Let me restate some results given by Joseph Van Name:
The category of compact Hausdorff spaces is a reflective subcategory of $\mathbf{Top}$. It follows from the special adjoint functor theorem by observing that $[0,1]$ is a cogenerator of compact Hausdorff spaces. The proof of the SAFT gives you an embedding (only in the completely regular case (where $[0,1]$ is still a cogenerator) it is strictly an embedding) into a product of unit intervals.
The category of Banach spaces with linear contractions as morphisms is a reflective subcategory (by only considering the unit balls) of the category of bounded metric spaces. The real numbers are a cogenerator in the category of Banach spaces (by the Hahn-Banach theorem), the SAFT gives you an embedding into a product of copies of $\mathbb{R}$ (which is an $\ell^\infty$-space in the category of Banach spaces).
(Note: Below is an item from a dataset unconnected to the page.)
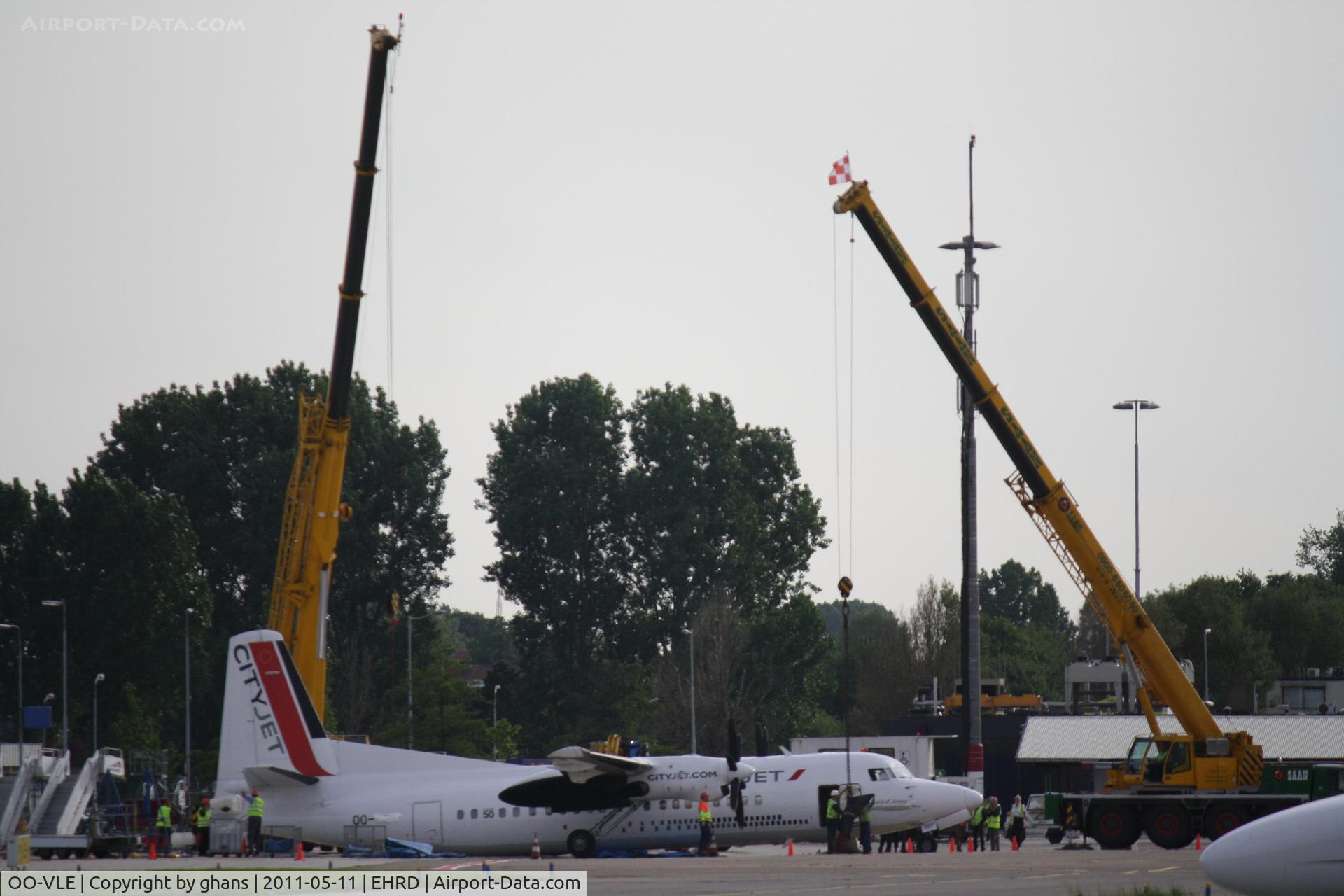 OO-VLE, 1988 Fokker 50 C/N 20132, Collapsed gear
$\left\{0,1\right\}$ is a cogenerator of totally disconnected spaces. By the SAFT you get that the category of Stone spaces (compact, totally disconnected, Hausdorff) is a reflective subcategory of $\mathbf{Top}$. Well, for non-totally-disconnected spaces your adjoint does not give you an embedding, but the corresponding Stone space still carries the information about the Boolean algebra of clopen sets, thus it remains useful.
The category of compact topological groups is a reflective subcategory of the category of topological groups: Topological groups can be “embedded” (it is not really an embedding) into its Bohr compactification. Since there is no small cogenerating set, you cannot apply the special adjoint functor theorem, thus you do not get the Bohr compactification as a product of very simple groups, but you still get a nice, compact group carrying all the information about finite-dimensional unitary representations of your original group.
To provide a general theorem: If you have a complete, locally small category with a cogenerator $I$, then for every object $X$ the map given by $\prod_{f\in\mathrm{Hom}(X,I)} f$ is a monomorphism. However, this is not enough in the topological case, since we want to have embeddings=extremal monomorphisms, not just injections=monomorphisms. The adjoint functor theorems are probably the most fruitful generalisation of such a criterion.